I've done a lot of work to the suspension on the Tacoma - with good reason since it is what helps to make our trips more comfortable, and what helps to isolate most of the truck from the harsh terrain over which we travel.

In doing that work, one of the things I knew that I needed - at least technically - was a good set of limit straps. But - as with many who focus on the bling of a new shock, and less on completely finishing the job - I never installed any. Not on the back, and not on the front.

And then, a rude awakening. As we were making our way up Mt. Antero - a 14,000 foot peak in Colorado - Mike's @Digiratus shock tower exploded.

We don't know exactly why this happened, but after much discussion, I think several of us generally agree that one of the contributing factors was over-extension of his front shocks. When this would happen - essentially the lower control arm (LCA) wanting to extend further than the shock would allow - the downward force from the LCA would transfer through the shock and to its only other attachment point - the top of the shock tower.

Compensating for this sudden, downward force, is not what the shock tower was designed for. Over time, it caused fatigue and eventually failure. Or, at the very least, contributed to it.

Limit straps could have helped to prevent the situation, and since I can hear my shocks reaching full extension on the trail from time to time, it's time for me to get some limit straps installed!

What do limit straps do?

At their most basic, limit straps act like a lot like bump stops, in that they limit the travel of a vehicle's suspension. Bump stops do this as suspension compresses; limit straps do it as suspension extends - protecting not only suspension components (shocks, etc.), but also protecting non-suspension components (shock towers, hydraulic brake lines, etc.) that may be affected by overextension.

Let's look at the previous diagram again, this time with with limit straps installed.

A quick way to know if you need straps

So, how do you know if you need limit straps? Here's a dead giveaway:

  1. Jack up the front of the truck so the front suspension is fully drooped out and place a couple jack stands for safety.
  2. Remove the front wheels - you'll want to do this on both sides of the truck, since they aren't identical and may have differing travel abilities.
  3. Remove the lower bolt of the front shock using a 19mm socket and wrench.

If, at this point, the LCA drops down below the lower eye of the shock, that means the shock is limiting the travel of your front suspension. You need limit straps.

Even if the LCA doesn't drop down below the lower eye, if you can push it down below the lower eye without a ton of effort, that shock is still limiting your travel - and you would benefit from straps. This is because the additional weight of the wheel+tire, and momentum when the suspension is cycling, will result in more downward movement than when the suspension is just sitting on stands.

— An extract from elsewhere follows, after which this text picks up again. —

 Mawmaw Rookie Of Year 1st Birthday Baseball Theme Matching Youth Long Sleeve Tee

Ultimately, my recommendation if you are doing a lot of driving where your suspension is fully extending, limit straps are a good idea.

Installing straps

Strap installation is reasonably straight forward. The first step is to figure out the length of straps that will fit and then purchasing them. For a 1st gen Tacoma with OEM LCAs and the sway bar removed, 7" straps are about right. I ordered up a set of 7" Kartek straps, two clevis' to secure the top of the strap, and two clevis mounts, which arrived a few days later. I also picked up a couple of Grade 10, 9/16" bolts and nylock nuts to secure the bottom of the strap.

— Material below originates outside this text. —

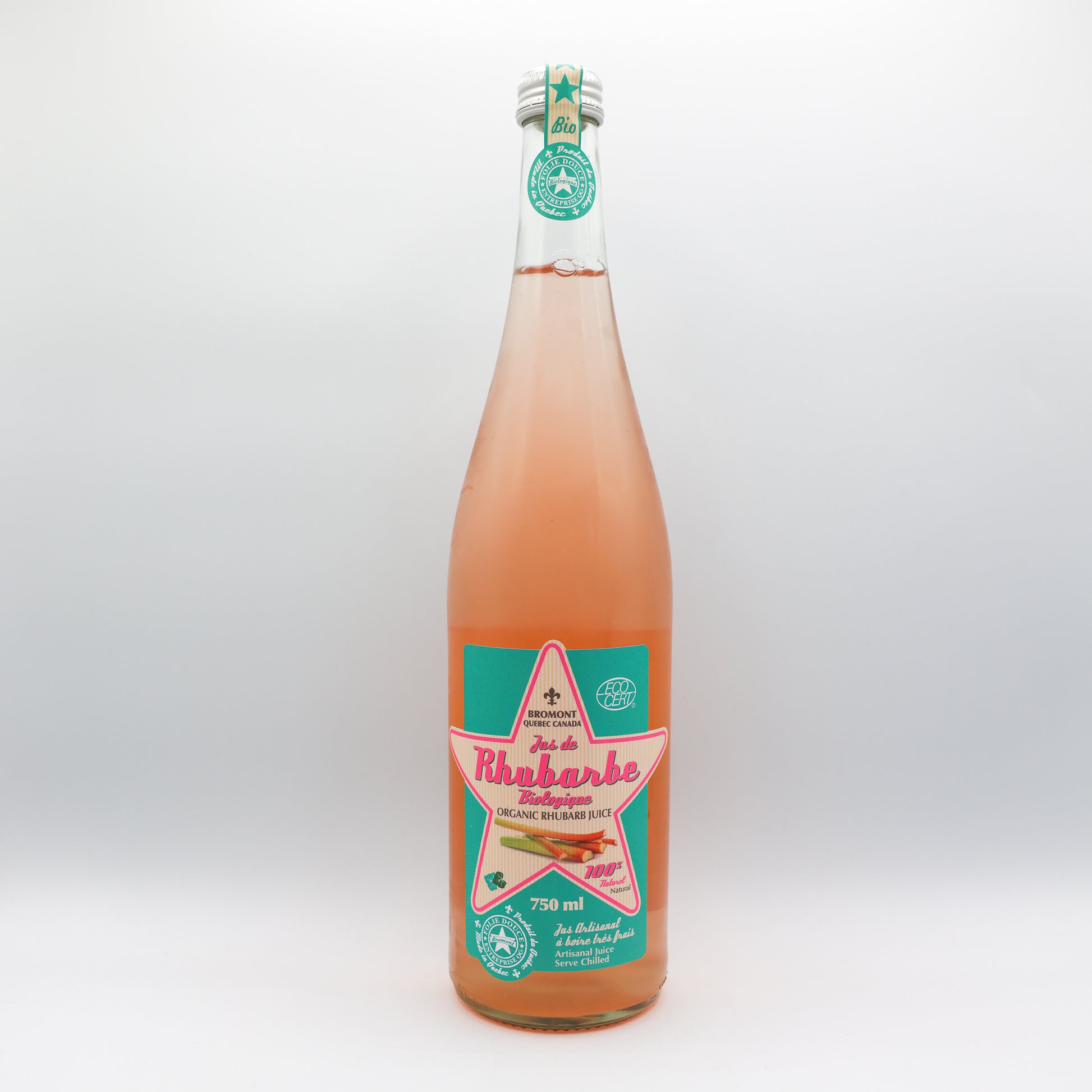 Jus de rhubarbe 750 ml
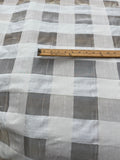 Exquisite Quality Silk Metallic Organza/ Raw Silk Sheers Plaid - NATURAL!!!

With this configuration, the clevis mount is welded to the frame of the truck, and the bottom of the limit strap is secured to the LCA using the sway bar mounting point. I got started by taking off the front wheels.

With the wheel removed, the next step was to lay out where the clevis mount would attach to the frame. This is done by

  1. Assembling the limit strap with the clevis and clevis mount. Make sure that the lock nuts at the top of the clevis are at the very end of the threads, such that the strap can be tightened over time by threading them further down the clevis shaft.
  2. Installing the bottom of the strap in the sway bar mount.
  3. Allowing the shock to extend (droop) fully. Note: This fully extended point is the point at which the strap needs to be protecting the suspension. Since a strap stretches slightly, it needs to both engage and reach full stretch before this point.
  4. Note the location of the clevis mount on the frame.

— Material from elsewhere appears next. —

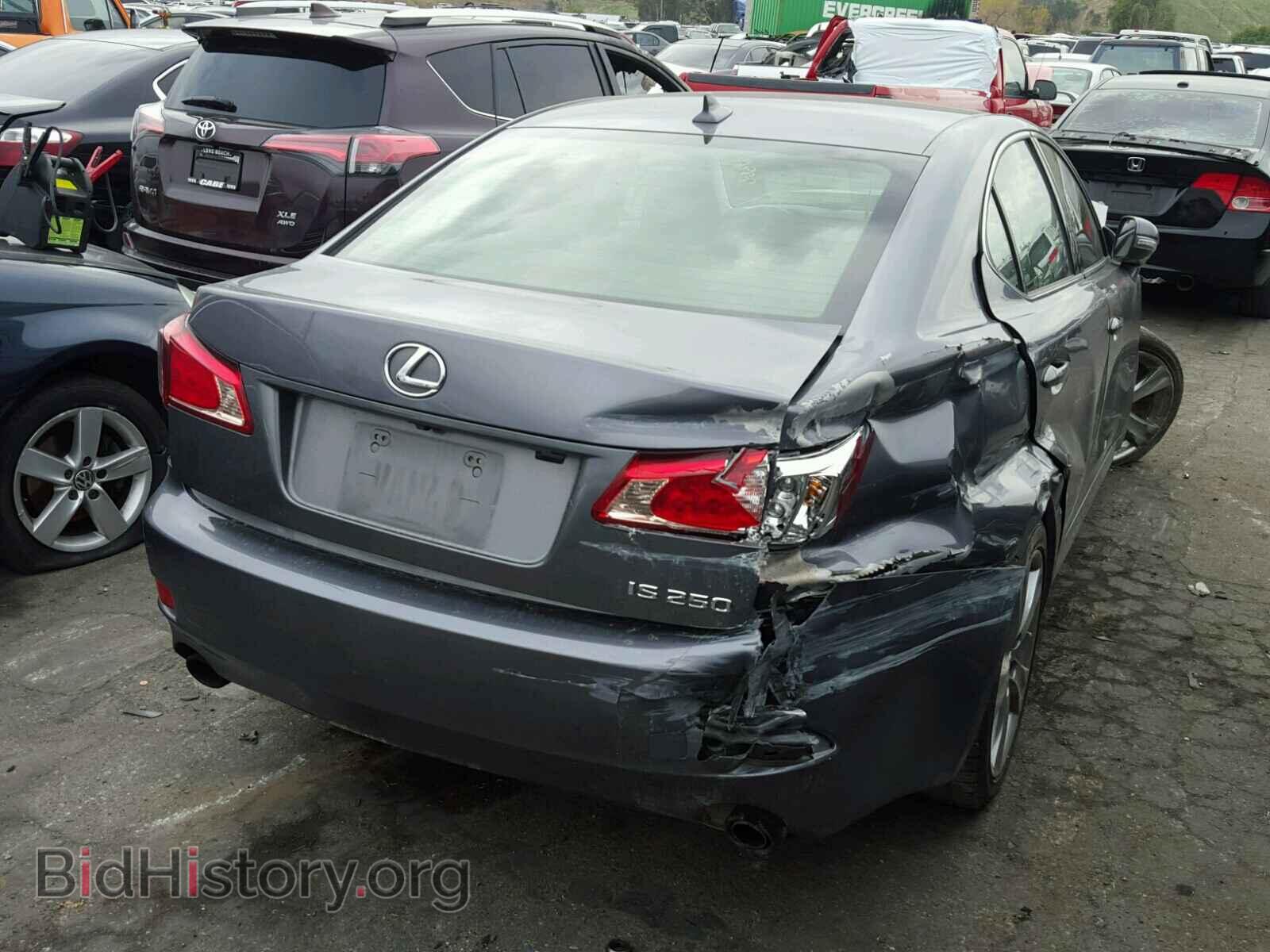 2012 LEXUS IS250 - VIN: JTHBF5C23C5166617 - Фото 4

Having noted the location, I used an angle grinder and flap disc to remove any paint and rust from the frame in order to prep for welding.

Everything prepped, I welded the clevis mount to the frame, and hit the entire area with a couple coats of primer and paint.

All that was left after the paint dried was to reinstall the clevis in the mount and adjust it so that the strap reached full stretch when the brake rotor was about ¼" above full extension. This is something I may adjust over time, but I figured that a ¼" buffer was a good starting point for limit strap stretching and to compensate for additional stretch due to weight and momentum of the tire on the trail.

And that's it. Insurance installed! Reinstallation of the wheel and everything is good to go.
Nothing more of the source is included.